▸ Instructions to follow:
The answer is a stretch of the material below, returned exactly: the line containing "Lot 553 - A large shallow cast iron urn", the line containing "Wedding guests dancing", and all lines between.

▸ Data listing:
- - - - - - -

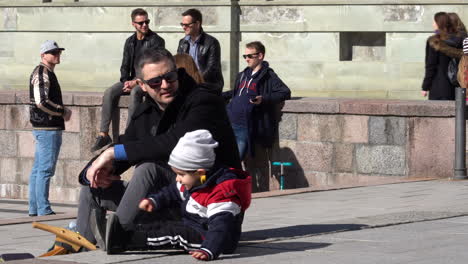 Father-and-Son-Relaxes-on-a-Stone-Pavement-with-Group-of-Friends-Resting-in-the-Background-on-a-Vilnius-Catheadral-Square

- - - - - - -

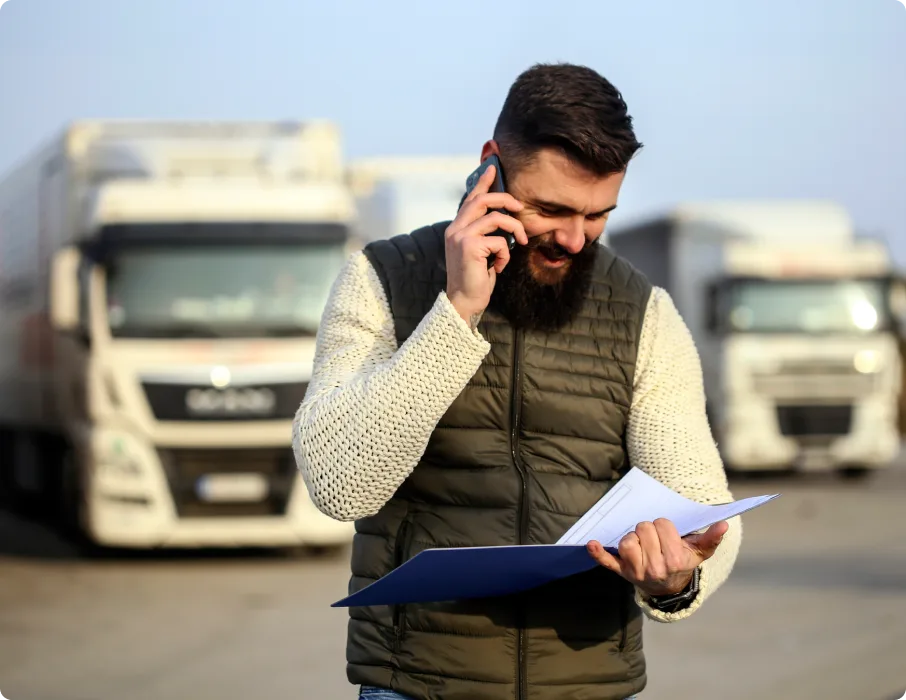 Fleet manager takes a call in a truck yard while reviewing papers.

- - - - - - -

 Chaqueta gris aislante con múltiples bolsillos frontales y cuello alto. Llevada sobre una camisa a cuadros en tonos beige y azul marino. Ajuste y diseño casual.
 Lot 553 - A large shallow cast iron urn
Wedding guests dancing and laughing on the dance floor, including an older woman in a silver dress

- - - - - - -

▸ Task result:
 Lot 553 - A large shallow cast iron urn
Wedding guests dancing and laughing on the dance floor, including an older woman in a silver dress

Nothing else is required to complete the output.